Sweeping changes to UK property inheritance tax regulations
As from 7 April 2017, wide-ranging changes to the UK’s Inheritance Tax (IHT) regime is likely to affect thousands of property investors.
Although the exact terms of the new law are yet to be announced, the proposed changes mean investors in UK residential property will be liable for IHT, whether or not the property is held in a company or partnership, registered in the UK or overseas.
The domicile status of the owner will no longer be relevant. So property owned by a ‘non-dom’ who lives outside the UK will still be liable for IHT.
A further proposed change is that loans taken out related to the property will also be liable to IHT, although it is not yet clear how the property-related proportion of a loan will be treated, in terms of IHT.
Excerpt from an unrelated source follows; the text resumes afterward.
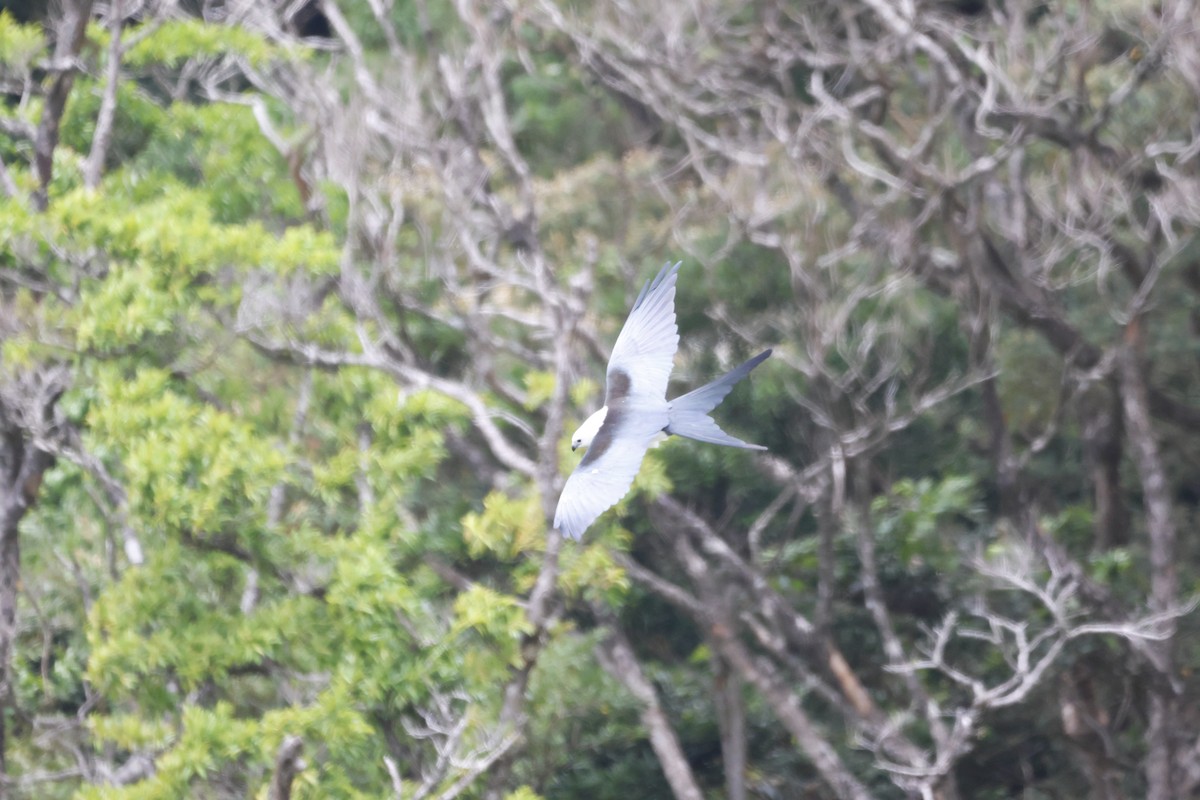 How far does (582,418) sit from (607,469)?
17.4ft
The main impact on overseas property investors with residential assets in the UK is likely to be:
- There will no longer be a tax advantage in holding property in a corporate structure
- It may be helpful for investors to consult with their advisors ahead of the April 2017 deadline, to see whether they can take action to improve their tax position
- Understanding the full consequences of the change in IHT legislation is important for investors when making decisions on their current and future investment portfolios
Michael El-Kassir, General Manager International at GRE Assets, commented: “We can be sure that changes to UK IHT regulations are coming into force in April, although the exact terms are not yet clear. Our tax advisors are in consultation with the UK government and will contact investors in the coming weeks to explain fully.”